Hi abooster –
Thanks for the post.
I’m not able to reproduce your issue. As a regular user (Subscriber level), neither private pages nor drafts appear in the Link autocomplete dialog. In fact, in my tests, private pages don’t even appear for the site administrator. The AJAX callback that powers the dialog specifically excludes non-public items: https://core.trac.ww.wp.xz.cn/browser/tags/4.5.2/src/wp-includes/class-wp-editor.php?marks=1325#L1307
My guess is that you are using a third-party plugin to make certain pages “private/secret … after a successful payment has been verified”. If this is the case, then that plugin ought to be responsible for ensuring that the pages cannot be accessed in other parts of the interface. The ‘wp_link_query_args’ filter can be used to add exclusions. (BuddyPress Docs itself has global protection that prevents off-limits Docs from appearing in *any* listing, including the link dialog.)
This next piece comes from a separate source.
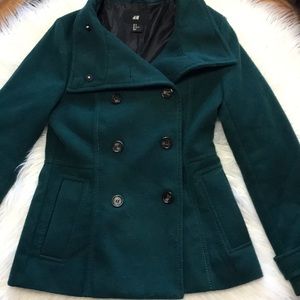 Forest green coat, lightly worn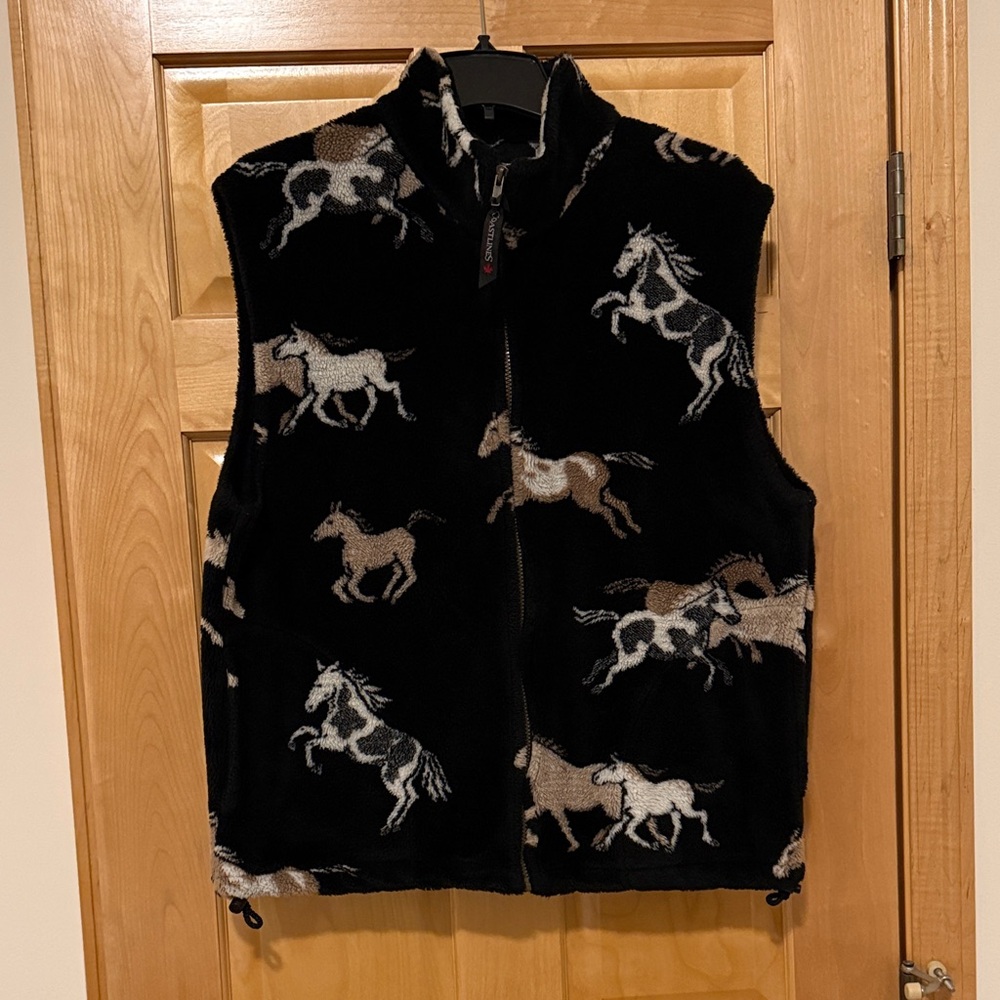 Coastlines Fashion For Canada Horse Vintage Fleece Vest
Removing the internal link dialog doesn’t seem like a good solution, as it’s a useful piece of functionality that plays an important role in many people’s workflow. You are, of course, welcome to remove it on your own site. (Use if ( bp_docs_is_doc_edit() ) { ... } to limit the disabling to the Docs editing interface.
It’s worth noting that this behavior has nothing to do with BuddyPress. The link dialog is default WordPress functionality, and BuddyPress Docs uses WP’s editor. Blame either WordPress or Docs, if you must, but BuddyPress is innocent 🙂
Well, it seems you misunderstood something here…
I never said that those pages are set to private.
They are and must be set to *public* because even ordinary website visitors must be able to see the content on those pages BUT ONLY WHEN I SHOW IT TO THEM.
So, those pages need to stay hidden the same way they are hidden from search engines (i.e. search engines are prohibited from indexing/crawling those pages) but in terms of the internal WP settings those pages need to stay “public”.
Do you understand now what I mean?
The internal WordPress setting for those pages cannot be set to private.
In settings the pages must remain “public”.
But just because I set a particular page’s settings to “public” doesn’t mean I want any random user to browse those “public” but HIDDEN pages.
There are many different scenarios where such situation can occur and I have at least 2-3 such scenarios in my case here.
Just because a page exists and it’s internally set to “public” doesn’t mean I would want users to randomly browse those pages. They MUST remain hidden and the users must not be able to access those pages through the link insert dialog. But that’s exactly what happens when a subscriber level user tries to insert a link.
And yes, as I said in the previous post, I understand that this behavior of the insert link dialog is NOT your plugin’s fault.
And while I perfectly understand that this behavior is a core WordPress functionality it is indeed a fault of the BuddyPress developers because it is gross negligence on their part that they haven’t blocked BuddyPress from using that functionality!
That functionality is very helpful in WordPress. But BuddyPress and bbPress MUST be prevented/excluded from using that functionality!
Removing the internal link dialog for non-admin BuddyPress and bbPress users is *absolutely necessary* for security and privacy reasons!
Absolutely necessary!
Because doing otherwise borders on gross negligence in regards to security and privacy.
So, I’m still hoping that you implement at least an option to remove that perilous “insert link” dialog. Because it could take many months or years until the coders of the BuddyPress core realize that they are committing gross negligence here by knowingly leaving this security/privacy hole wide open.
(if I could code, I would have done it a long time ago)
You can change what is shown in WordPress’s link dialog using something like this (which excludes BP Docs from being included in the list):
add_filter( 'wp_link_query_args', 'my_filter_wp_link_query_args' );
function my_filter_wp_link_query_args( $query ) {
$query['post_type'] = array_diff( $query['post_type'], array('bp_doc') );
return $query;
}
Great! And where do I put this in?
Your theme’s functions.php file would be fine.
Hmm… I just tried that but it has no effect whatsoever.
The page suggestions still appear in the “insert link” dialog as if nothing happened.
Suggestions?
That exact snippet works as expected for me. Make sure you’ve added it as provided in the functions.php (before any closing php tags–they look like ?>) of your active theme.